September 2006 Archives

Another in the periodic intersections of furniture and casemods, here is a Canadian furniture designer's interpretation of high-end wooden PC cases:

The woodworking is beautiful, but these pieces still suffer from the tension between the replacement cycles of furniture (long) and computers (short). Suissa Computer, the company that makes these, claims " Solid, strong and beautiful, able to grow and change with future generations, Suissa Computers are designed to be upgradeable and expandable."

My feeling is that most people buying computers today have seen how quickly technology changes, so the idea of having a piece of hardware "for future generations" may seem like a pretty extraordinary claim, with little to back it up on the site. Saying that it'll "grow" is actually the opposite of what people have seen computers become. Expandability may be something that can justify the purchase of a particularly high-end system, but it's rarely borne out in practice, and I suspect that people may not purchase computers with that as a key differentiating factor more than once.

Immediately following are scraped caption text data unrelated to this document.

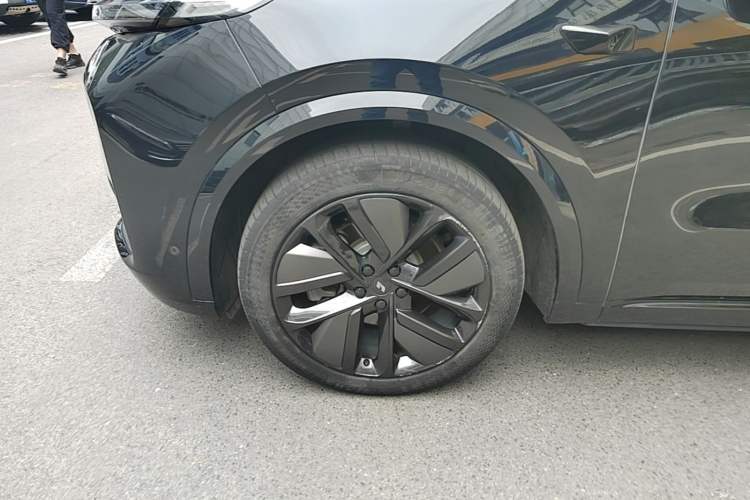 Used Li Auto L9 2023 Pro Model Left Front Wheel Hub
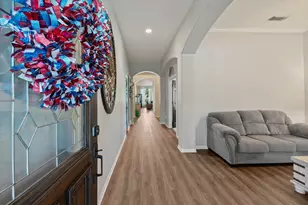 2504 N Yorkchase Ln, Conroe, TX 77304 - Photo 8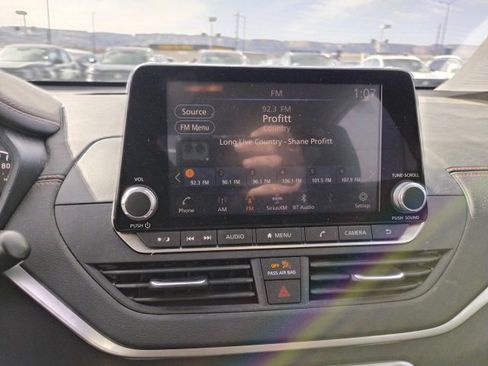 Used 2022 Nissan Altima 2.5 SR image 16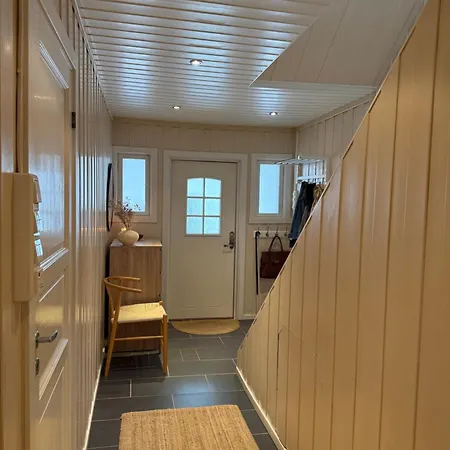 Spacious With Sauna, Fireplace & View * Tromsø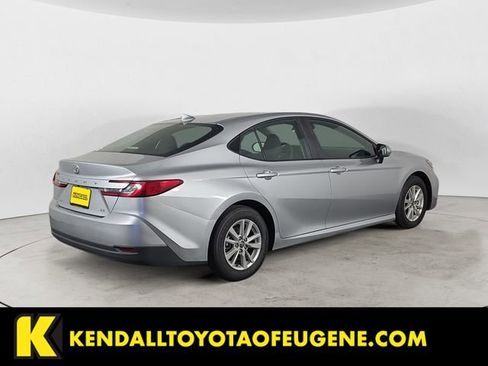 Used 2025 Toyota Camry LE FWD image 5
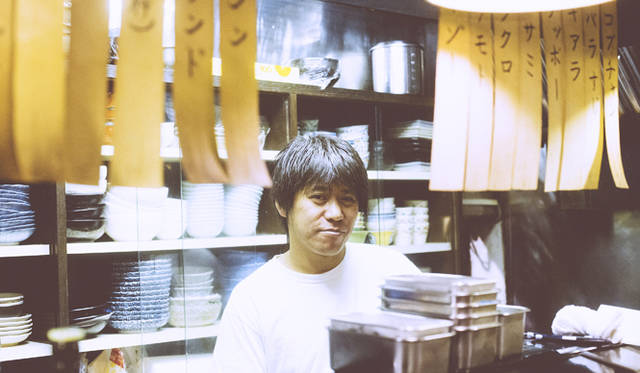 老舗料理道具店「釜浅商店」と「炭火焼 ゆうじ」が共同開発で製作した炭火焼きロースター「YK-T」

That said, the idea of making computers for the high-end market is interesting, and the recent purchase of Alienware by Dell and of Voodoo by H-P seems to show that major manufacturers agree, but high-end computer purchases seem to include a very different set of evaluation criteria than high-end furniture purchases. Other expensive furniture that includes technology, such as Ingo Maurer's lighting, are first and foremost furniture, with the technology integrated in support of the role of the object as furniture.

(I originally saw this on Born Rich).

Recently, Liz and I were watching Masters Of Russian Animation - Volume 1 when had one of these cultural "?!?" moments when an unexpected piece of culture neatly fits into another. Well, kind of. Specifically, several pieces of my cultural knowledge neatly came together: my childhood memories of Moscow, Russia, my parents' description of living in Moscow in the early 1960s, Jacque Tati's "Playtime" and Tetris.

The first animation on the DVD is Fyodor Khitruk's 1962 "Story of One Crime". This a film that, like Tati's Playtime, attempts to humorously interpret the anxiety of living in a rapidly modernizing world. The plot is fairly straightforward: a series of gags that show how modern life in 1960s Moscow drives an otherwise boring Everyman to go crazy and try to kill a neighbor (call it "Crime and Punishment Lite"). The animation is an excellent Modernist style where nearly everything is flat against the screen. One of the gags features a building being noisily being built in a matter of minutes as the Everyman goes about his business. The building is in what was then a standard style for the Khrushchev era. These buildings were constructed of prefabricated concrete chunks that were made off-site, trucked to the building site and assembled, block-style. Because buildings are square, but all the parts in them are not identical, this required some amount of choosing the right block and putting in the right place. I spent several formative early years living in one of these in Moscow with my parents and most of my few memories of that era take place in the yard of one. They were called Plattenbau in East Germany and make up a good chunk of most major cities in the Eastern Bloc.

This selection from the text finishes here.